Is it a coincidence that you married someone who was very involved in politics and is now Commissioner of Commerce?

I met Mike when he was working at the Capitol, so I knew right away that he was passionate about politics and that our political beliefs were compatible. On our first date, he quizzed me about my feelings regarding politics and campaigns. I remember telling him that while I was only moderately politically active myself, I had grown up with political discussions around the dinner table and fully appreciated the commitment a person makes to a life in politics. I also warned him that a life with a harpist required that he become a certified harp schlepper.

You’ve got 3 kids – Sophi, Adam, and David. Are you seeing any future musicians in the family?

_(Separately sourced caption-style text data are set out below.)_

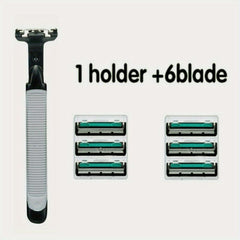 Vintage 2-Layer Manual Razor Set with 24 Refills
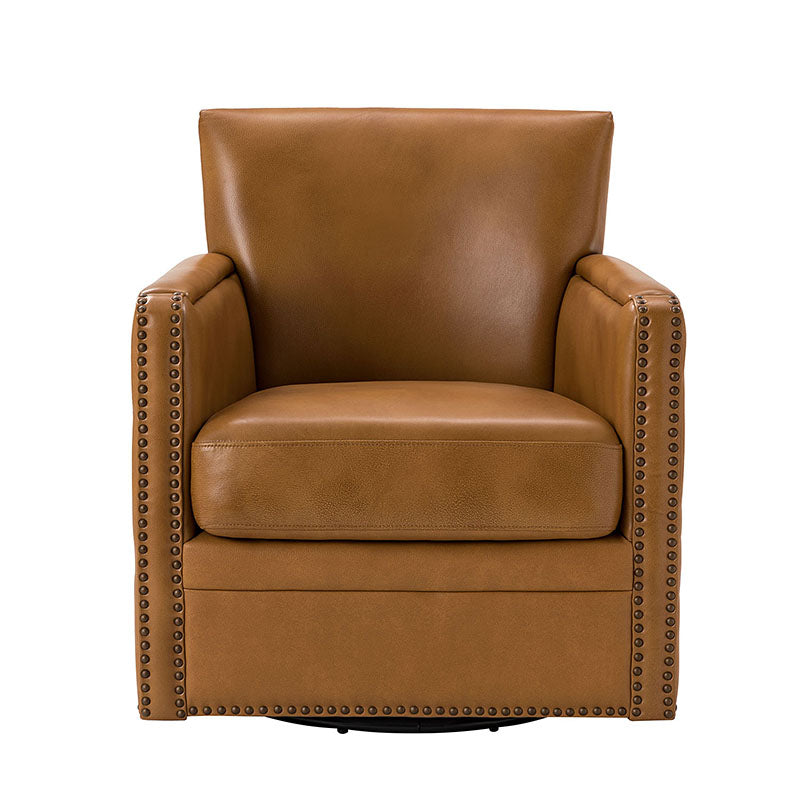 Fauteuil pivotant à 360° en cuir véritable avec clous décoratifs, accoudoirs encastrés et pieds noirs | Chocolat / Marron / Camel / Noir / Bleu marine | Une place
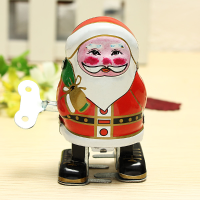 Vintage Wind Up Tin Toy Clockwork Spring Santa Claus Classic Retro Toy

All three of our kids play multiple instruments and enjoy making music. It’s hard to predict if any of them will choose a career in music, but I do think they will all appreciate music throughout their lives and be strong supporters of the arts.

Favorite Jewish holiday?

This probably isn’t a popular choice, but my favorite Jewish holiday is Yom Kippur. I like the idea of wiping the slate clean each year, apologizing for all the things I’ve done that I wish had gone differently, and starting fresh. Plus, I don’t host break the fast at my house, so I don’t need to focus any energy on cooking and cleaning.

Favorite Jewish food?

I really love a good bowl of matzo ball soup. I have great memories of eating matzo ball soup during the holidays as a kid, in beautiful china bowls. Making it is a family event in our house, with my husband and kids all participating. Chicken soup is truly good for the soul.